# Directions:
Each line of the material must be reproduced exactly; pictures stay out.

# Data below:
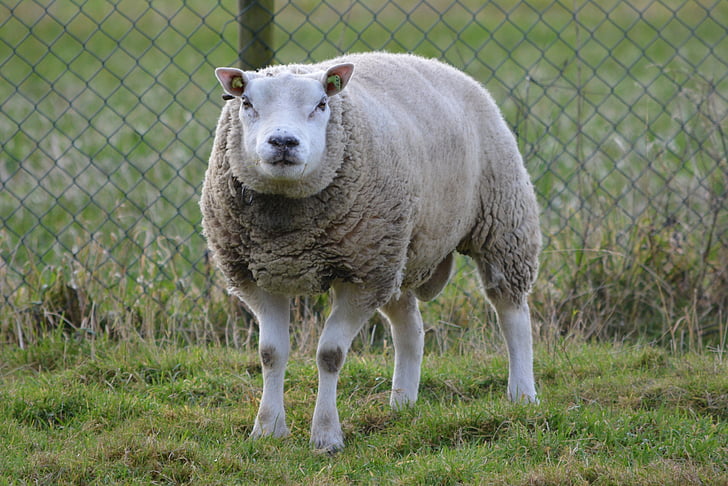 ovelhas, animal, Prado, fazenda, agricultura, pecuária, lã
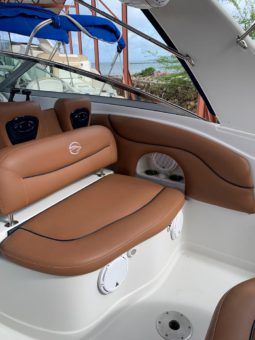
										CROWNLINE LS 32 full									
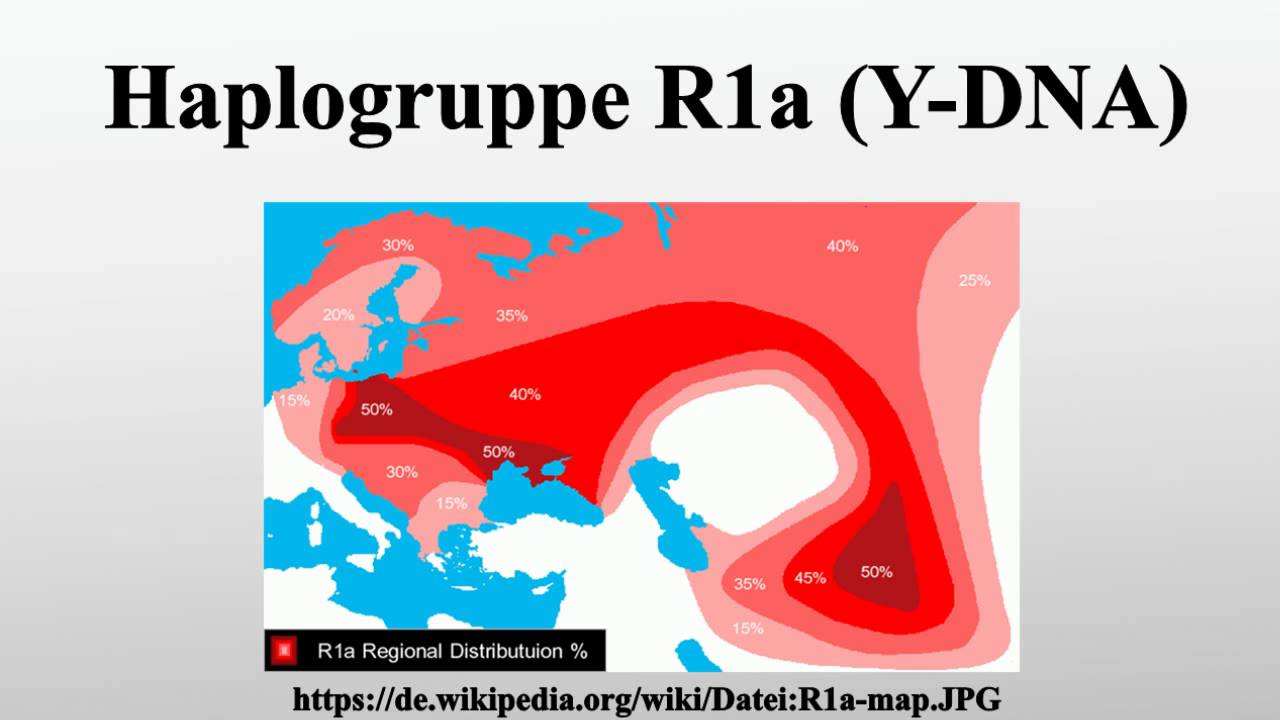 Haplogruppe R1a (Y-DNA) - YouTube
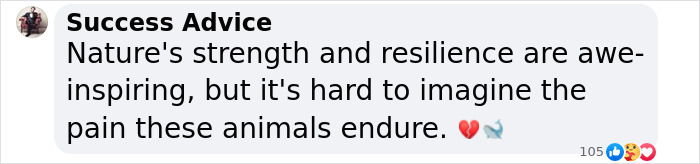 Another “Devastating” Loss For Orca Mom Who Carried Lifeless Calf For 17 Days And 1,000 Miles Another “Devastating” Loss For Orca Mom Who Carried Lifeless Calf For 17 Days And 1,000 Miles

# Result of the exercise:
 ovelhas, animal, Prado, fazenda, agricultura, pecuária, lã
										CROWNLINE LS 32 full									
 Haplogruppe R1a (Y-DNA) - YouTube
 Another “Devastating” Loss For Orca Mom Who Carried Lifeless Calf For 17 Days And 1,000 Miles Another “Devastating” Loss For Orca Mom Who Carried Lifeless Calf For 17 Days And 1,000 Miles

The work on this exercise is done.